A proposito di colleghi. Hai anche un contatto con loro durante la settimana?
“Certamente. Con i colleghi appena ricevuta la designazione inizia subito la pianificazione della trasferta. Per tutte le partite, il giorno stesso della gara, si fa un briefing con l’ulteriore analisi delle situazioni tecniche delle squadre per gestirle al meglio qualora si presentassero. Grande soddisfazione è aver preparato una situazione che durante la gara si presenta ed è gestita al meglio, proprio come una squadra con il suo piano partita. L’obiettivo di tutto questo è limitare al massimo quelli che sono degli errori che influenzerebbero la gara e lavorare in sinergia con i colleghi.”
Che consiglio puoi dare ai giovani arbitri e a chi si vuole avvicinare al mondo arbitrale?

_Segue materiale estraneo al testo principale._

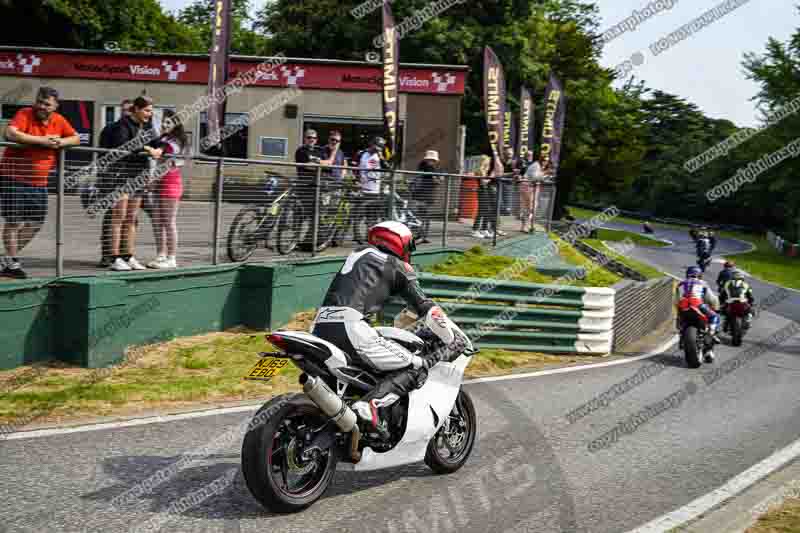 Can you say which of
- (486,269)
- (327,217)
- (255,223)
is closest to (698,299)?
(486,269)

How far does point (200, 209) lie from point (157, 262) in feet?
3.08

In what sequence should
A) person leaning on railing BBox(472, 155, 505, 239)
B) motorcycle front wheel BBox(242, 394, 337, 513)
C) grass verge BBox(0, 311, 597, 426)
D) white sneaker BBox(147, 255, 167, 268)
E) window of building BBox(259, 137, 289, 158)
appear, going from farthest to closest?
1. window of building BBox(259, 137, 289, 158)
2. person leaning on railing BBox(472, 155, 505, 239)
3. white sneaker BBox(147, 255, 167, 268)
4. grass verge BBox(0, 311, 597, 426)
5. motorcycle front wheel BBox(242, 394, 337, 513)

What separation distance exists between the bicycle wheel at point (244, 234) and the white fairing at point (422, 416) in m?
5.35

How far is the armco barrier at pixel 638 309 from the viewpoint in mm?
14188

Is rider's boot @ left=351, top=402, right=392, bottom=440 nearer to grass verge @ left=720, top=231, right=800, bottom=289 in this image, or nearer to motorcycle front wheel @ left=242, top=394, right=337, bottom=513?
motorcycle front wheel @ left=242, top=394, right=337, bottom=513

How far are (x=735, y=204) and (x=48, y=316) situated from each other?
86100mm

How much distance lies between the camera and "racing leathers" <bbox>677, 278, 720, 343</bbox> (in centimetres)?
1415

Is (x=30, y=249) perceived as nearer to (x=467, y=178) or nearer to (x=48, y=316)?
(x=48, y=316)

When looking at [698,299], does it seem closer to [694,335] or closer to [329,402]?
[694,335]

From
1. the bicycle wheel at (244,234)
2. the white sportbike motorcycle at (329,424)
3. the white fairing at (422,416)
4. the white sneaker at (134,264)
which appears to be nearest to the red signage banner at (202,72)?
the bicycle wheel at (244,234)

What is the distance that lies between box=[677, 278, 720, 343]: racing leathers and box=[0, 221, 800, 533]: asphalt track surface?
436cm

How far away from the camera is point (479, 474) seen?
20.6ft

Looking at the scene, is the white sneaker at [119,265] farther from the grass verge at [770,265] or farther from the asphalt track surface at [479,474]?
the grass verge at [770,265]

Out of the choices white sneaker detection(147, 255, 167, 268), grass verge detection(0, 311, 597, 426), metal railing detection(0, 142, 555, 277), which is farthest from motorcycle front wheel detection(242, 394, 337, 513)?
white sneaker detection(147, 255, 167, 268) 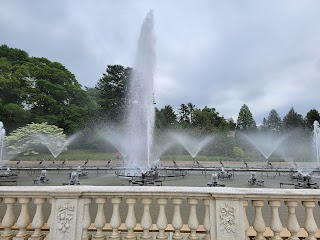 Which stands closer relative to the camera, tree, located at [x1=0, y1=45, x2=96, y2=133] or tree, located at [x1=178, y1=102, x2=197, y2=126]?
tree, located at [x1=0, y1=45, x2=96, y2=133]

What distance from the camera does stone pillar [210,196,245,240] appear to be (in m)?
3.22

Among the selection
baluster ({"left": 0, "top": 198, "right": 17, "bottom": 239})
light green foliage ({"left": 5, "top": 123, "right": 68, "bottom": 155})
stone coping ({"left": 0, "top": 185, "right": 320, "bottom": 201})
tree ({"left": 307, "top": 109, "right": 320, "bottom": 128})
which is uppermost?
tree ({"left": 307, "top": 109, "right": 320, "bottom": 128})

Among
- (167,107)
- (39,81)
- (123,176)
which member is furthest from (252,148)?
(39,81)

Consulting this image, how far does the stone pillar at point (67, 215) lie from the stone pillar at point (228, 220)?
1.95 meters

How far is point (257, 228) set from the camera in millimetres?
3422

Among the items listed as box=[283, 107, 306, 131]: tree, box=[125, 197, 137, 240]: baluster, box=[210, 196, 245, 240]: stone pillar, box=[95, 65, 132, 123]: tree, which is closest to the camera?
box=[210, 196, 245, 240]: stone pillar

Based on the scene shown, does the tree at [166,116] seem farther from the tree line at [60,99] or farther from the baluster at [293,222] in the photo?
the baluster at [293,222]

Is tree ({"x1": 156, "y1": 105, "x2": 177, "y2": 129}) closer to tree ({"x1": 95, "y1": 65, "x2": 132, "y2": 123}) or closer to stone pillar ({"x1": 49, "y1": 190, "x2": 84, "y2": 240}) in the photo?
tree ({"x1": 95, "y1": 65, "x2": 132, "y2": 123})

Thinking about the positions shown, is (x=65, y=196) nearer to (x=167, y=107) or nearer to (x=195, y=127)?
(x=195, y=127)

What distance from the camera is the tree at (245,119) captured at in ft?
219

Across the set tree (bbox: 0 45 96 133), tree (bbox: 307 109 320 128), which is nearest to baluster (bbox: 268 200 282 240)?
tree (bbox: 0 45 96 133)

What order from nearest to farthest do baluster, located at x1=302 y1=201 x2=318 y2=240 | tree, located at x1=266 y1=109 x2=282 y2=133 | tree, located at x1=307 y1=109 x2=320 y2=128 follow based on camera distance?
baluster, located at x1=302 y1=201 x2=318 y2=240
tree, located at x1=307 y1=109 x2=320 y2=128
tree, located at x1=266 y1=109 x2=282 y2=133

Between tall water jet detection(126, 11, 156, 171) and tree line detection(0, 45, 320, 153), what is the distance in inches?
1037

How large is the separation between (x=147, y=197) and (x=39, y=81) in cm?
4456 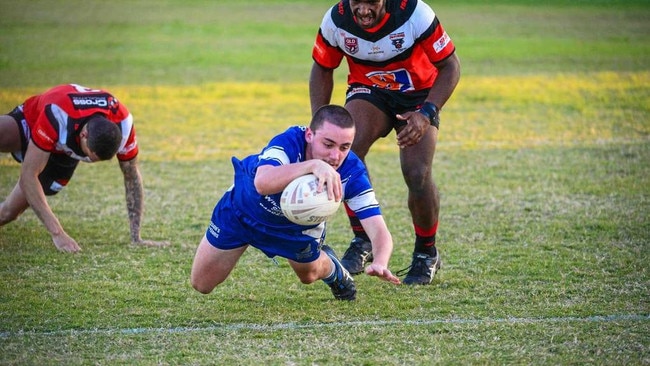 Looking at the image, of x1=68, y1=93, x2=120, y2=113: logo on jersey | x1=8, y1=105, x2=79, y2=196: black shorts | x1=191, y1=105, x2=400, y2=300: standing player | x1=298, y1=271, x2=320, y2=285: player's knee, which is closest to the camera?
x1=191, y1=105, x2=400, y2=300: standing player

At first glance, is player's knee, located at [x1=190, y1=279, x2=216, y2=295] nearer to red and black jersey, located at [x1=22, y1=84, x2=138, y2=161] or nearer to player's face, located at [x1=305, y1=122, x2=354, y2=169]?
player's face, located at [x1=305, y1=122, x2=354, y2=169]

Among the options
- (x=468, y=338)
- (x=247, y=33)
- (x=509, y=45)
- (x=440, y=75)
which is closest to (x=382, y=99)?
(x=440, y=75)

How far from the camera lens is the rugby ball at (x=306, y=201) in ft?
17.9

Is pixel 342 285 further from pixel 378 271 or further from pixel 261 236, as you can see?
pixel 378 271

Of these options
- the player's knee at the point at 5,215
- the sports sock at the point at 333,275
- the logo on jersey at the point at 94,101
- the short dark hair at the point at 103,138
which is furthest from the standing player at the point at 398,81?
the player's knee at the point at 5,215

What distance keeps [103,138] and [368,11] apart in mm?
2312

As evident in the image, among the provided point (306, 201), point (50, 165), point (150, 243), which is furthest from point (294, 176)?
point (50, 165)

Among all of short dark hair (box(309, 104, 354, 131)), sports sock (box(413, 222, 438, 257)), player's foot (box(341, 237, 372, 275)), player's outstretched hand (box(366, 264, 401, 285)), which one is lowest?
player's foot (box(341, 237, 372, 275))

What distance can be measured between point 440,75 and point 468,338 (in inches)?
89.0

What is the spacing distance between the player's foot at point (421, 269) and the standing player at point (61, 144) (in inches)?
93.6

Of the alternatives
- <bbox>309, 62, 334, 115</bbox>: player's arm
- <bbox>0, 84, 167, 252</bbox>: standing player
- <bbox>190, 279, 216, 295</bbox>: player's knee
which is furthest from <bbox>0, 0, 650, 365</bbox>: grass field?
<bbox>309, 62, 334, 115</bbox>: player's arm

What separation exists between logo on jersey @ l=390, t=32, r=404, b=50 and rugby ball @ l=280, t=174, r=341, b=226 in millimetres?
2111

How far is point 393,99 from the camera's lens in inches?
295

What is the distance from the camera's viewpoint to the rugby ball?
17.9 feet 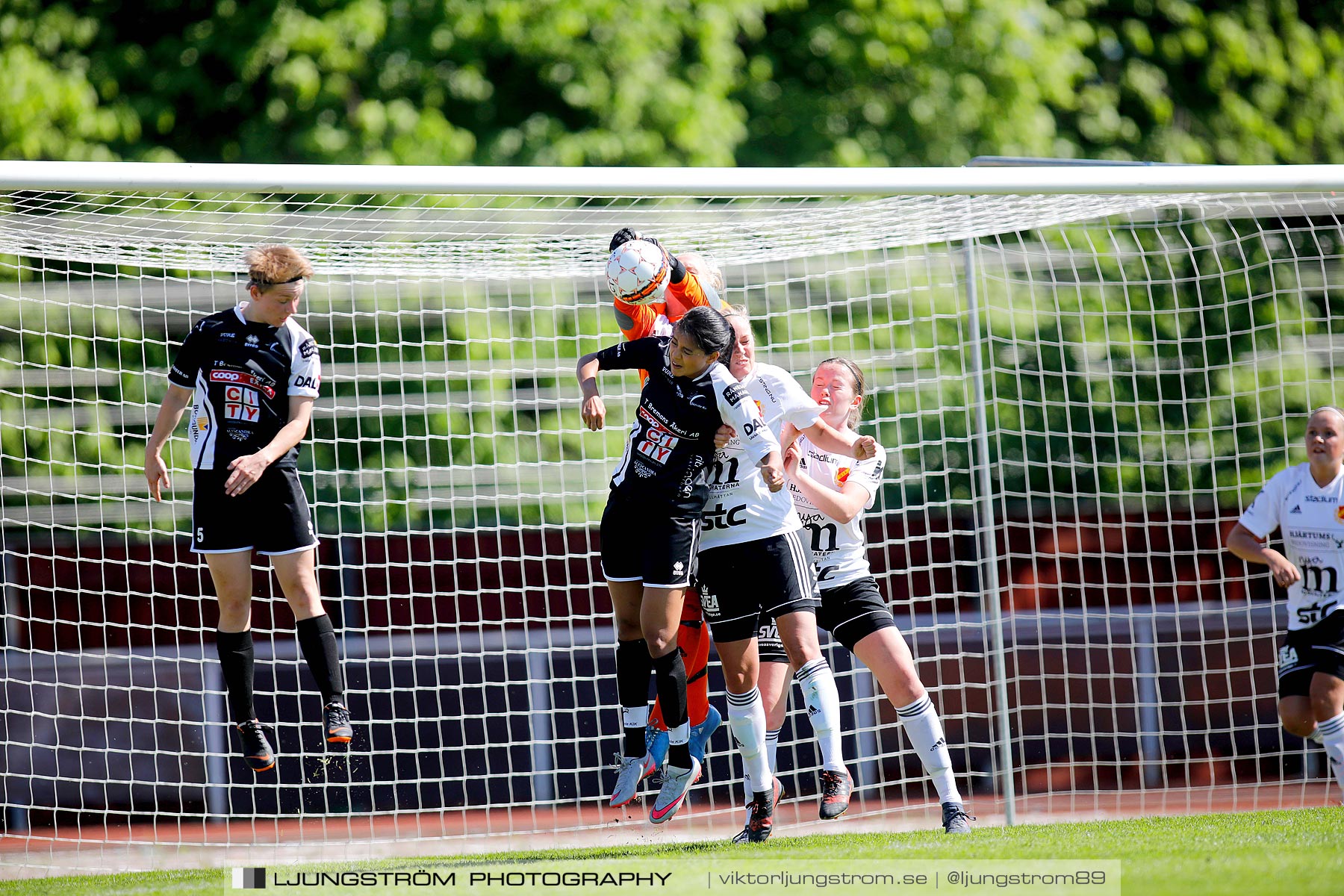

“La prima cosa è provare, inizialmente in tanti giocano ed arbitrano, e’ normale e fisiologico. Dico da sempre che fare l’arbitro è fare sport. Oggi con la velocità che c’è nel gioco, la parte atletica di un arbitro deve viaggiare almeno di pari livello con quella tecnica. Un arbitro che è anche un atleta, riesce ad essere nella posizione giusta al momento giusto e riesce a prendere probabilmente anche la giusta decisione o quantomeno ha maggiori possibilità di farlo nei confronti di chi non lo è. E’ un ruolo stimolante per i giovani perché si trovano a gestire dei potenziali conflitti con delle persone più grandi di loro. Quindi in una società come quella attuale, fatta di rapporti interpersonali diversi da quelli di molti anni fa, oggi fare l’arbitro impone al proprio carattere e alla propria persona di essere determinati e fare delle scelte. E’ uno sport che fa decidere e mette nelle condizioni di farlo divertendosi e magari ogni tanto sorridendo. Il consiglio poi è provare e prendere lo stimolo e lo spunto da ogni gara, sia di natura tecnica che comportamentale e di rapporto con i colleghi, da ascoltare e dai quali saper cogliere ogni consiglio per migliorare. Ho visto dei ragazzi che sono maturati non solo dentro al campo ma anche fuori. C’è bisogno di ragazzi e ragazze che hanno voglia di mettersi il fischietto in bocca, di mettersi in discussione, di sbagliare e dagli errori diventare più bravi, forti e consapevoli a livello umano e tecnico.”